Sunday, April 15, 2012

Not proven, not guilty

I have been leafing through Ueberweg's System of Logic, which is an interesting nineteenth-century and Teutonic look at that subject.  Very few logic text books would now mention Hegel's logic, for example.  He has an interesting discussion of the principle of Excluded Middle, the one that says any sentence, or its negation must be true.  He claims (p. 263) that the principle may be invalid in certain instances. For example, 'not proven' fills an obvious gap between 'guilty' and 'not guilty'.

Surely not.  What does 'not proven' mean?  It means not proven to be guilty.  'It is proved that' is an operator on the proposition 'x is guilty', not a third truth value filling the gap between sentence and negation. What an elementary mistake, or have I missed something?

7 comments:

Brandon said...

It's a reference to the Scotch verdict; in certain kinds of cases in Scottish law a jury would refuse to return a verdict either of guilty or not guilty, and would instead return a verdict of not proven. Thus it means, roughly, "guilty enough that 'not guilty' is inappropriate but not meeting requirements for 'guilty' and therefore requiring acquittal." Thus the three verdicts are:

proven guilty
not proven guilty
proven not guilty

Edward Ockham said...

Yes of course, but the point is still that "It is not proved that P' is not a third value between

P
not P

Brandon said...

Ueberweg is not taking negation sententially here; he is talking about predicate negation.

In the Scotch verdict case, the negation is not classical and in context cannot be. A verdict doesn't return an assessment of fact; it returns an assessment of proof. The contrast between 'Guilty' and 'Not Guilty' with regard to verdicts is never a contrast between P and not-P, full stop, and therefore the negation here isn't classical.

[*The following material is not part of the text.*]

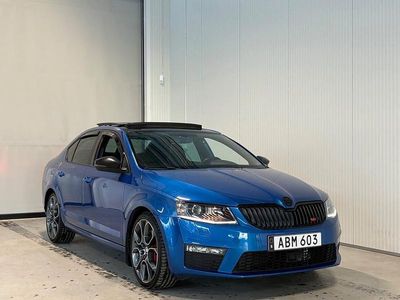 Begagnad Skoda Octavia RS 220 HK (161 kW) 2016 Blå Halvkombi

The proposition is not 'X is guilty' but 'X receives the guilty verdict', which is (with minor assumptions) equivalent to 'X is proven to be guilty according to standards of law'. This means that the predicates are modally qualified; the negation itself is affected by this -- hence the difference between proven-not and not-proven.

The ultimate background here is Kant's antinomies (which is what Hegel et al. are modifying), in which Kant argues that certain positions typically seen as contradictories are actually contraries, and can be seen to be such when one removes false assumptions, and thus the 'Scotch verdict' analogy is actually quite good one for describing Kant (and, mutatis mutandis, most German dialectical philosophers). Ueberweg goes on to make this point about the switch from contradictory to contrary opposition in his later criticism, of course; but the people he is talking about think that when we are dealing with any actual concepts you only get contradictory opposition by arbitrary and artificial assumptions: i.e., that negation in real discourse is contrariety, and we only make it contradictory by purely artificial stipulation.

Edward Ockham said...

>>Ueberweg is not taking negation sententially here; he is talking about predicate negation.

You may well be right, however the translation says 'judgments opposed as contradictories (p.260). Predicate negation is contrary only.

I concede, however, that immediately after the example is given 'A is B' and 'A is not B', the latter of which could be read as either predicate (contrary) or sentential (contradictory) negation.

I don't know enough about Hegel to say anything useful here.

Edward Ockham said...

Nice to see you here at Beyond Necessity, by the way.

Stan said...

Couldn't one say that 'not proven that x is not guilty'? When some agent is not proven guilty, it doesn't follow that the person is not guilty. It may be the case that a person may also be not proven not guilty.

I believe you're correct to express concern over Ueberweg's view. Just because a person's guilt (or innocence) is not proven does not suggest that the principle of excluded middle is 'invalid'. The lack of evidence might mean that we are incapable at a time to prove guilt (or innocence), not that there's a so-called third position.

Brandon said...

Perhaps -- this is purely a guess -- what is being presupposed is an account of logical judgment, which sometimes was seen as the 'form' of the proposition, and so would include both sentential and predicate negation. And so the problem could be precisely the ambiguity between sentential and predicate negation.

I don't know about Hegel, but I seem to recall some later nineteenth-century philosophers in that line arguing that all negation is predicate negation -- we are always implicitly predicating everything of the All or the Absolute. (I might be misremembering; but it fits with other things.)

I actually read BN quite regularly; I just don't always have much to say.